L'article 12 présente une modification consécutive sur la saisie des marchandises. Il faudra l'amender si le pouvoir d'édicter des règlements administratifs sur les boissons alcoolisées est conservé.
L'article 13 porte sur les amendes. J'ignore pourquoi les rédacteurs ont décidé que l'amende appartient à Sa Majesté au bénéfice de la bande plutôt qu'à la bande elle-même, tout simplement. Il faudrait amender ce passage, comme le font les ententes d'autonomie gouvernementale.
L'article 14 abroge les infractions prévues à l'article 105 de la Loi sur les Indiens.
Le reste des articles du projet de loi, soit de 15 à 19, portent sur les écoles.
Les modifications proposées aux articles 15 à 17 suppriment toute référence aux institutions religieuses ou de charité et au fonctionnement des pensionnats. À mon avis, ces modifications auraient dû être apportées tout de suite après les excuses officielles présentées aux survivants des pensionnats.
Les articles 18 et 19 portent sur les articles 117 à 121 de la Loi sur les Indiens et concernent la fréquentation scolaire et les agents de surveillance. Les articles combinent les dispositions et disent qu'un enfant n'est pas tenu de fréquenter l'école s'il est malade ou s'il reçoit une instruction à la maison. Nous ne sommes pas contre ces modifications. Or, ces enjeux sont traités dans nos propres lois en matière d'éducation et devraient entrer en ligne de compte dans une discussion globale sur la gouvernance et la gestion des écoles et des terres de Premières Nations.
Pour terminer, même si le projet de loi part d'une bonne intention, il comporte des lacunes pour les raisons que j'ai mentionnées. S'il va quand même de l'avant, je vous recommande d'en améliorer le préambule. Il faudrait aussi étudier de plus près qui le gouvernement devra consulter dans le cadre de son rapport sur les progrès réalisés afin de remplacer la Loi sur les Indiens. Faut-il consulter le Parlement ou un comité? Il ne devrait pas s'agir d'un simple rapport provisoire sur les initiatives législatives fédérales.

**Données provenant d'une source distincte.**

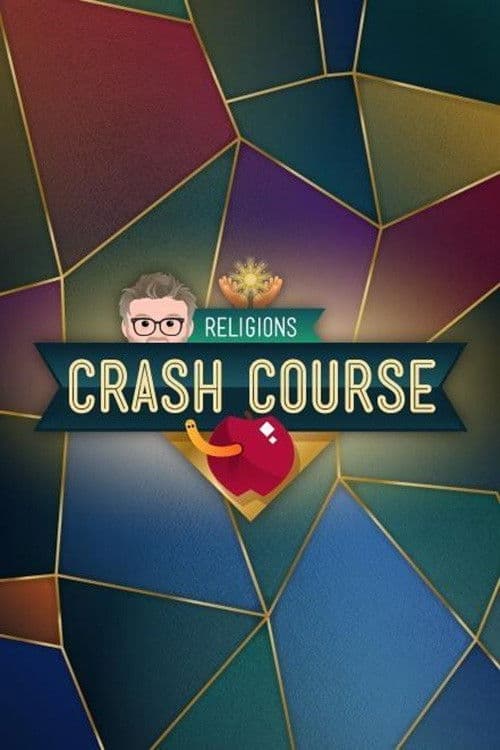Crash Course Religions Season 1 poster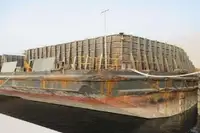بارج برای فروش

Comme je l'ai dit, je recommande d'amender ou d'abroger les articles 2, 4 et 13, et de supprimer les articles 3, 5, 7 et 10, puisque les considérations politiques sont bien plus complexes que les solutions proposées dans le projet de loi. Nos Premières Nations doivent amorcer les changements.
Il reste donc l'article 8, sur lequel j'ai des réserves puisque les Premières Nations auront du pain sur la planche afin de mettre en place des procédures législatives. Les articles 11, 13, 15, 16, 17, 18 et 19 du projet de loi abrogent pour la plupart des articles de la Loi sur les Indiens qui devaient disparaître.
Voilà ce que j'avais à dire, et j'ai hâte d'entendre vos questions.